● WHAT TO DO:
Starting with the line that has "2526 brazil s" in the records below and stopping after the line that has "API Standard Type", output every line exactly and nothing else; skip pictures.

● RECORDS FOR THIS EXERCISE:
**********

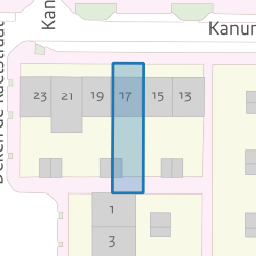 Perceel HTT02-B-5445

**********

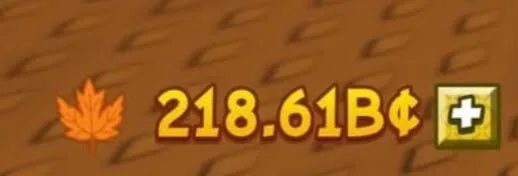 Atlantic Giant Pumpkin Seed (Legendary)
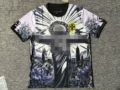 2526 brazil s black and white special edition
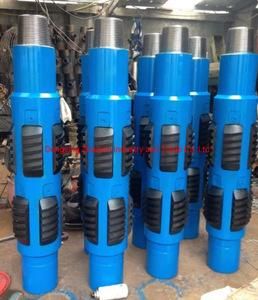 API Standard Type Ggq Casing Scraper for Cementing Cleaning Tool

**********

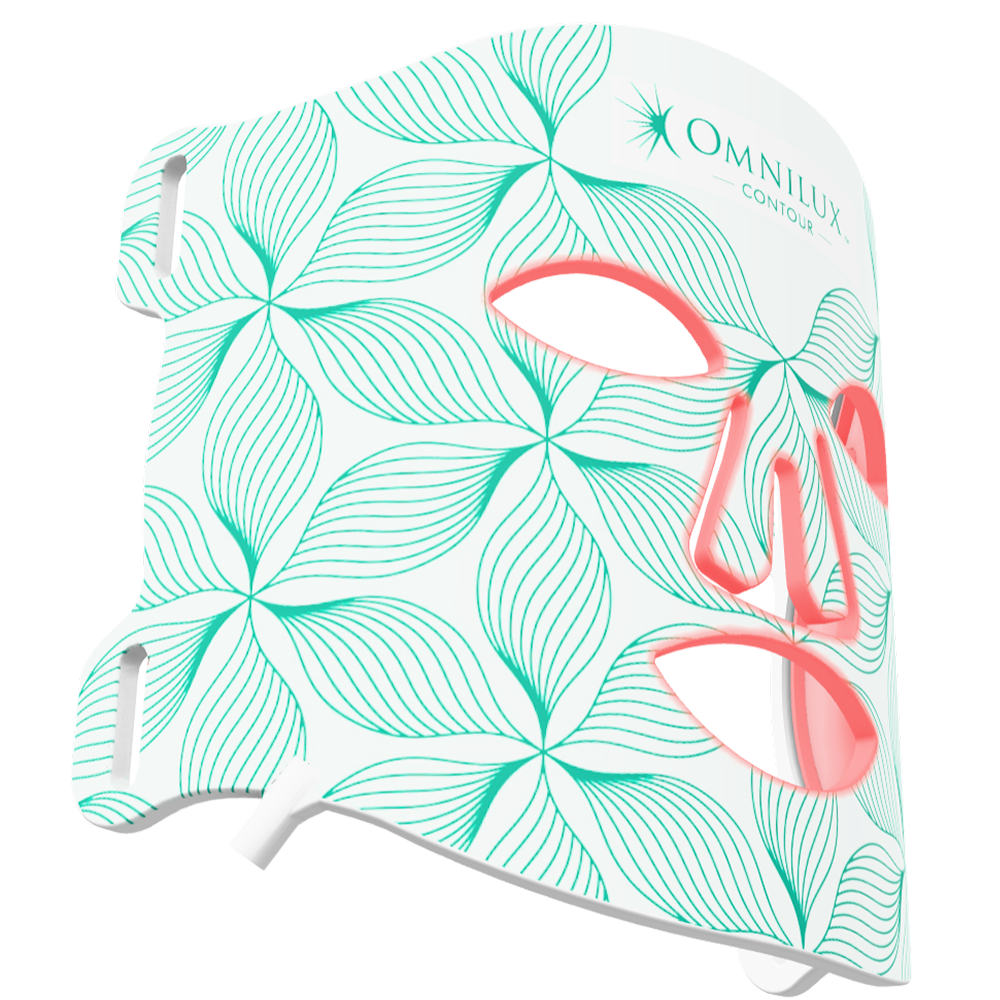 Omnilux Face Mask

**********

● OUTPUT FOR THIS EXERCISE:
 2526 brazil s black and white special edition
 API Standard Type Ggq Casing Scraper for Cementing Cleaning Tool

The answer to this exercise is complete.